All of the data below should be printed again exactly, pictures excluded.

■ **PROVIDED DATA**
-.-.-

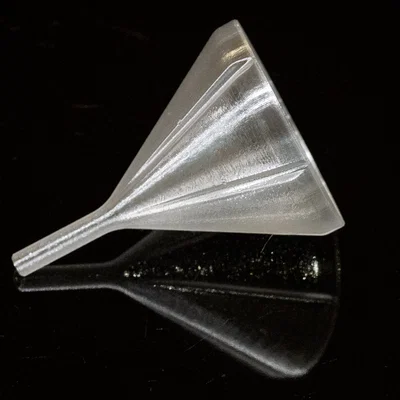 Phễu Phòng Thí Nghiệm Dùng Một Lần – Fully Parametric (Vase Mode)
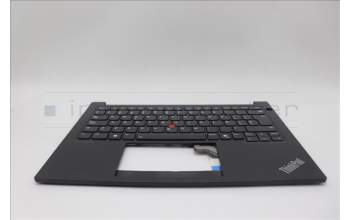 Lenovo 5M11N94175 MECH_ASM FRU KB SPA BL(SRX)UK Bk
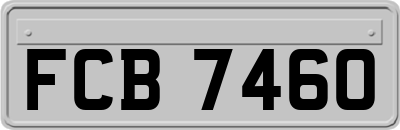 FCB7460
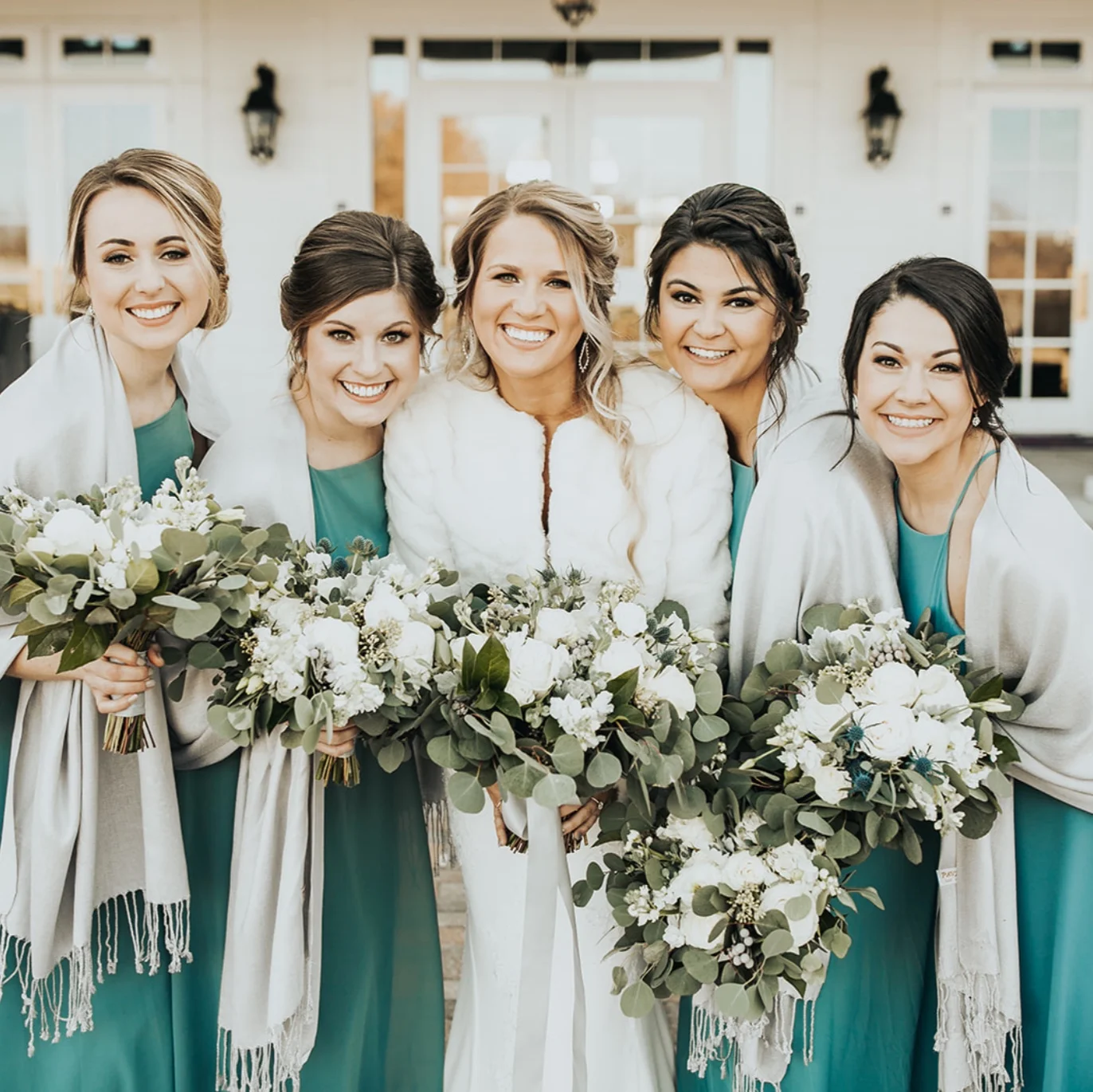 Skyler “Jenni and her team are absolutely amazing! From the beginning, she was so easy to work with, especially for a bride who knew nothing about flowers! I showed her my vision and DONE, no problem, she took care of it and more! She was always so quick to respond, super sweet and accommodating, was able to recommend other awesome vendors and offered great advice throughout the entire wedding planning process. And to top it all off, my venue looked GORGEOUS on the day of my wedding thanks to her expertise! From the bouquets to the altar arrangements to the little details...Wild Hill nailed it! I would recommend her to anyone and everyone! If you're looking for a florist who will make your dreams come true and who is 100% stress-free and easy to work with ....Wild Hill is the one for you!”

-.-.-

■ **SOLUTION TO THIS EXERCISE**
 Phễu Phòng Thí Nghiệm Dùng Một Lần – Fully Parametric (Vase Mode)
 Lenovo 5M11N94175 MECH_ASM FRU KB SPA BL(SRX)UK Bk
 FCB7460
 Skyler “Jenni and her team are absolutely amazing! From the beginning, she was so easy to work with, especially for a bride who knew nothing about flowers! I showed her my vision and DONE, no problem, she took care of it and more! She was always so quick to respond, super sweet and accommodating, was able to recommend other awesome vendors and offered great advice throughout the entire wedding planning process. And to top it all off, my venue looked GORGEOUS on the day of my wedding thanks to her expertise! From the bouquets to the altar arrangements to the little details...Wild Hill nailed it! I would recommend her to anyone and everyone! If you're looking for a florist who will make your dreams come true and who is 100% stress-free and easy to work with ....Wild Hill is the one for you!”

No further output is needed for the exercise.